Directions. Starting with the line that contains "St George Apartments — Photo 91", copy every line through the end of the listing, exactly and only those. No pictures should appear in the copy.

Material provided.
****************************************
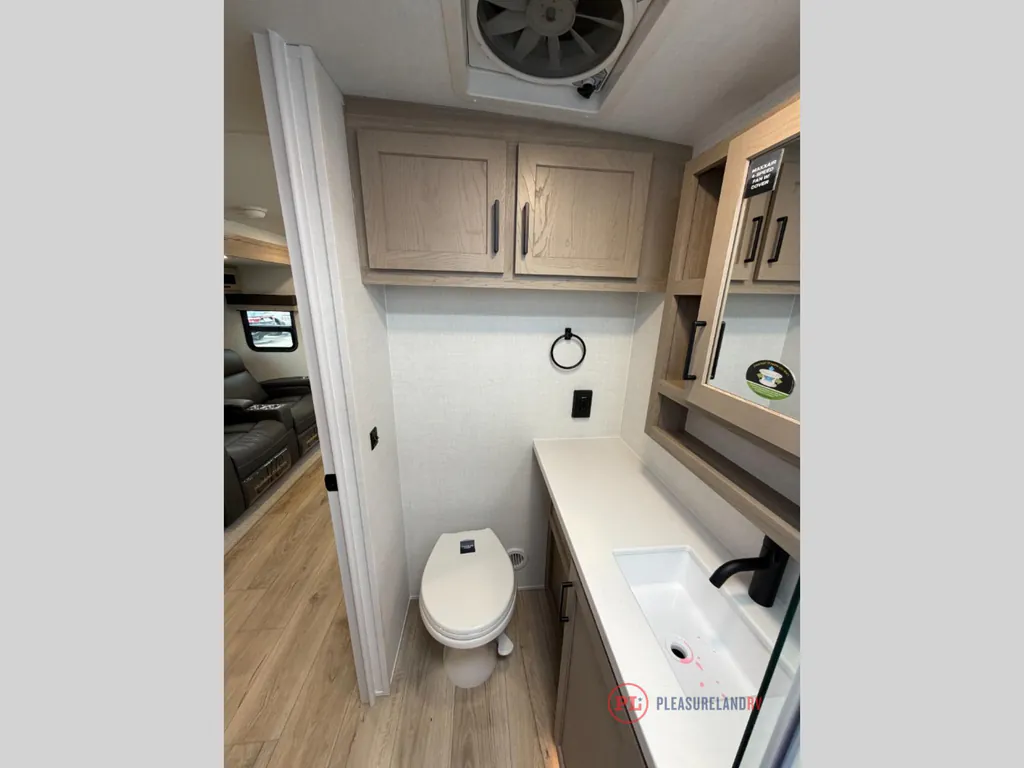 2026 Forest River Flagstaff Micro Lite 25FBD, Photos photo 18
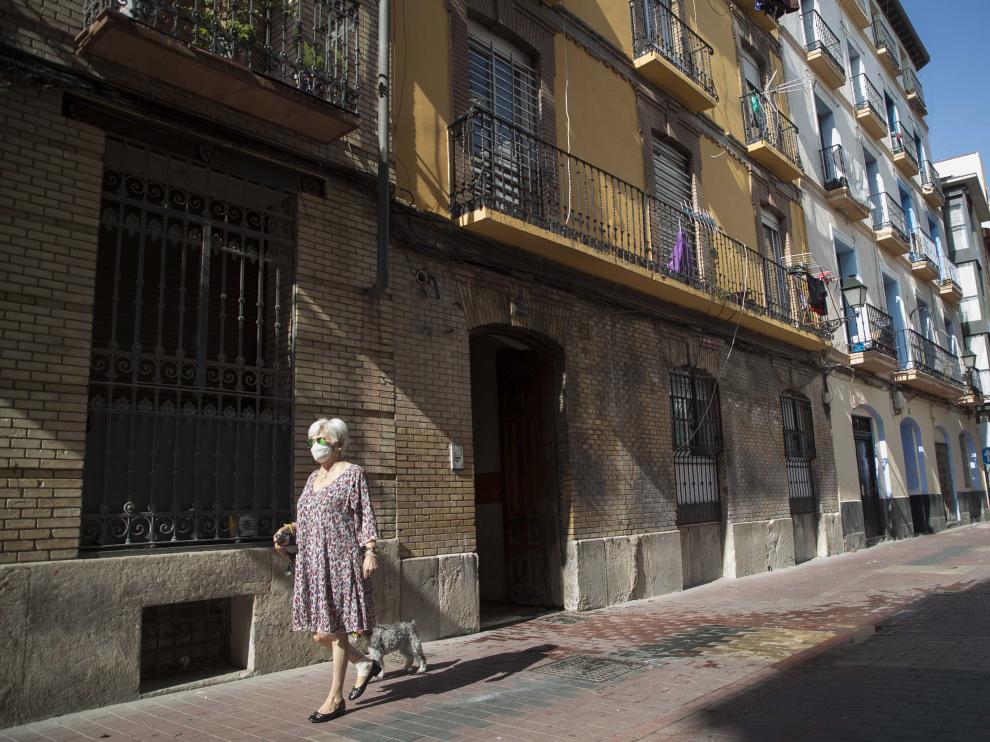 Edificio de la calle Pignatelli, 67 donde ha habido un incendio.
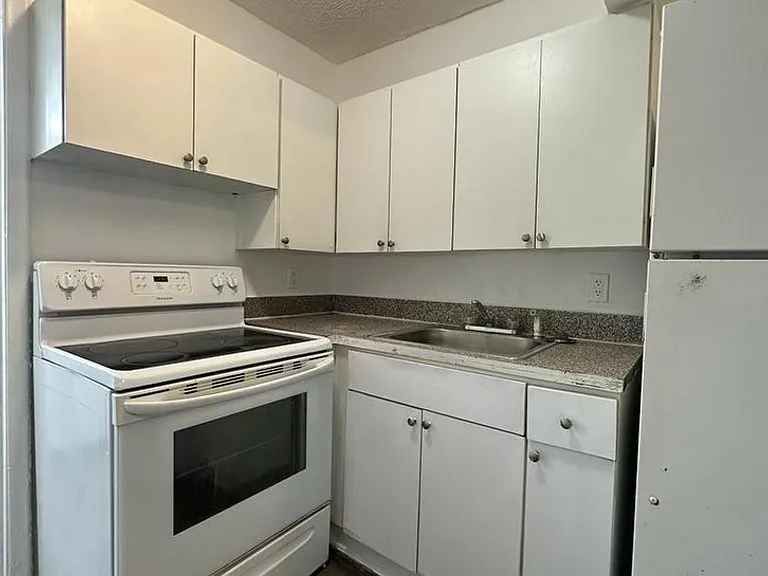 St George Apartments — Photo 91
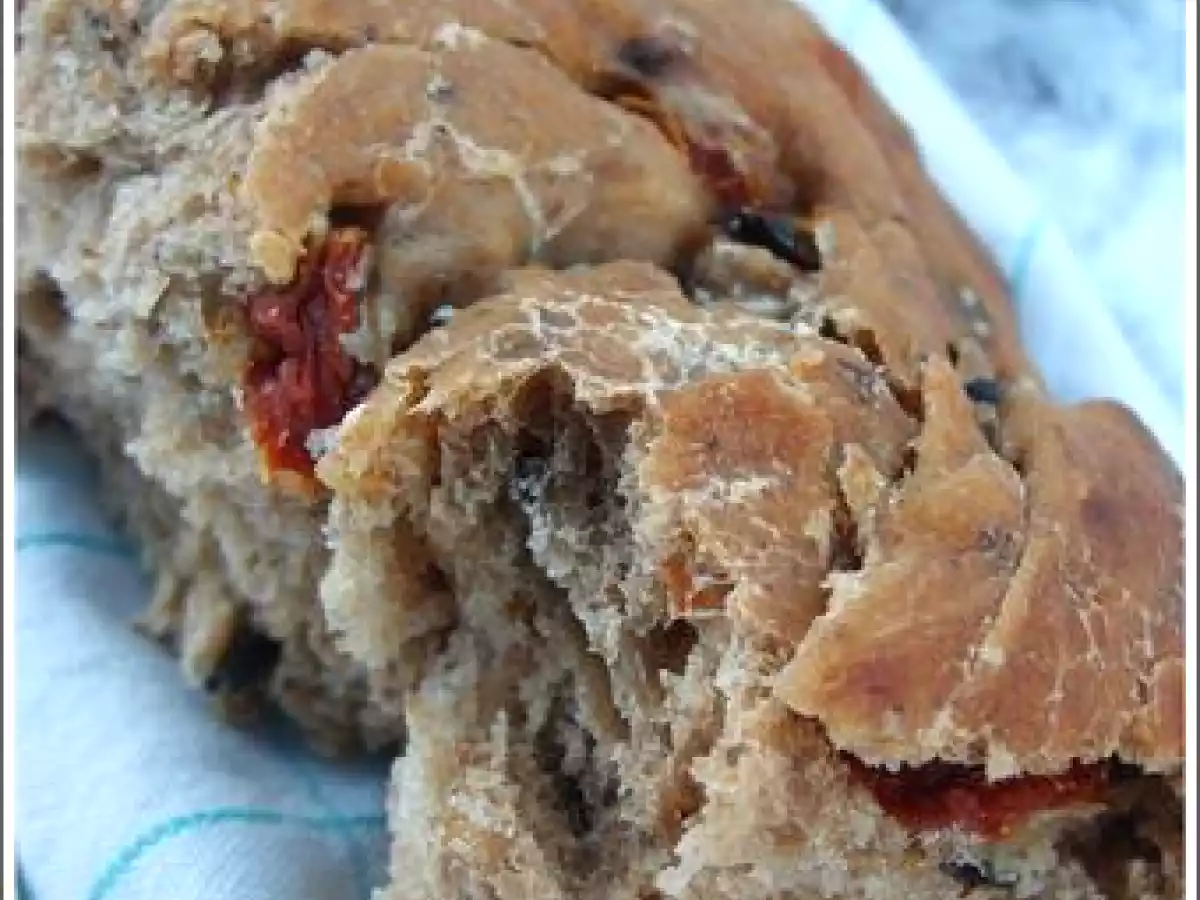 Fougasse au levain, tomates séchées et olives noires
****************************************
Solution below.
 St George Apartments — Photo 91
 Fougasse au levain, tomates séchées et olives noires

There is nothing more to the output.